Amide Synthesis via Molecular Shuffling of Carboxylic Acids

The amide bond represents the most fundamental functional group in chemistry and biology. Amides are key building blocks of peptides, pharmaceuticals, polymers, advanced materials and biologically active compounds. The synthesis of amides has been ranked as the most common reaction performed by synthetic chemists in the last century. While the most common approach by far involves the condensation of carboxylic acids and amines, this approach has been historically limited by the positional connectivity of the key carboxylic acid group. Herein, we report a new approach to amide synthesis that relies on molecular shuffling of carboxylic acid functional group. It is found that amino benzoic acids engage in oxidative addition to a Pd(0) complex, and CO generated by decarbonylation undergoes transfer insertion into the C–Pd bond formed by alkene insertion before the last reductive elimination, achieving carbonyl shuttle amidation.

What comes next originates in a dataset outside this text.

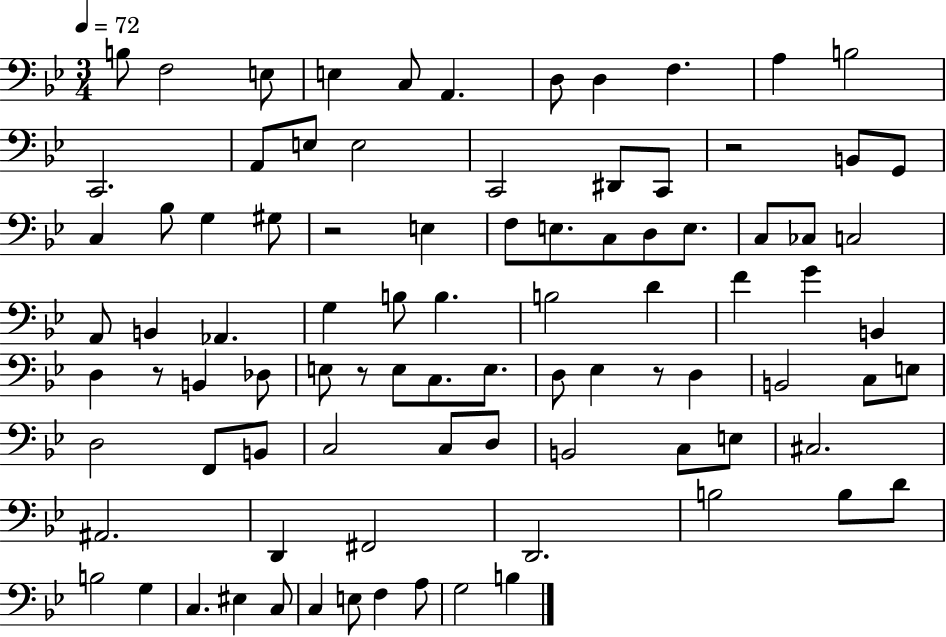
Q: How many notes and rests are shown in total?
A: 90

The carbonyl shuttle amide synthesis is precisely controlled by ligand selection, where the reaction pathway can be fully switched to a divergent amine synthesis by decarbonylative amination. This approach is characterized by a particularly wide substrate scope and excellent functional group tolerance, including bioactive molecules and late-stage functionalization. The method is scalable, which highlights the practical utility of this new method for the synthesis of amides. Moreover, this strategy is applicable to the synthesis of linear amides. The study opens new avenues for the synthesis of amides by carbonyl reshuffling and advances an accelerated utilization of amides as critical building blocks in chemical science.